L’Afrique prône le contrôle de sa transformation agricole

[Africa Diligence] L’Afrique connaît une douce révolution qui donne un réel espoir pour l’éradication de la pauvreté et de la famine. Cette transformation ne s’observe pas dans des secteurs tels que le pétrole et le gaz, les minerais ou le tourisme, mais dans l’agriculture, qui demeure l’épine dorsale de l’économie africaine.

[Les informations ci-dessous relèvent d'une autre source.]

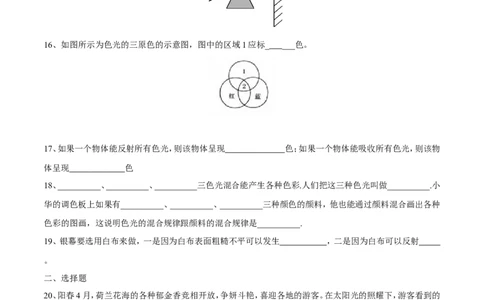 第4章第5节光的色散练习题_初物_人教版初中物理初二三同步讲义习题练习八九年级电子资料word素材_20250116_181533_A017&mdash;&mdash;人教版初中物理初二三教案讲义专项练习八九年级电子版word资料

 L’Afrique est en train de s’urbaniser rapidement, mais l’agriculture utilise encore les deux tiers de la main-d’œuvre. Il a été démontré que l’agriculture s’avère jusqu’à onze fois plus efficace en matière de réduction de la pauvreté que la croissance dans n’importe quel autre secteur. Si nous voulons éradiquer la pauvreté et la famine en Afrique d’ici à 2030, l’agriculture devrait être au cœur de la stratégie.

Un tournant décisif

L’agriculture et les petits exploitants agricoles africains sont trop souvent oubliés. C’est ainsi que l’Afrique, en dépit du travail assidu de ses agriculteurs, ne se développe pas suffisamment pour nourrir sa population. Un quart de la population africaine est sous-alimentée, ce qui constitue un obstacle majeur pour une meilleure santé et pour le développement. En outre, il y a un coût économique direct, avec 35 milliards de dollars (30 milliards d’euros) dépensés chaque année dans l’importation des produits alimentaires – une estimation qui est susceptible de tripler d’ici à 2025, à moins que l’Afrique relève son rendement agricole.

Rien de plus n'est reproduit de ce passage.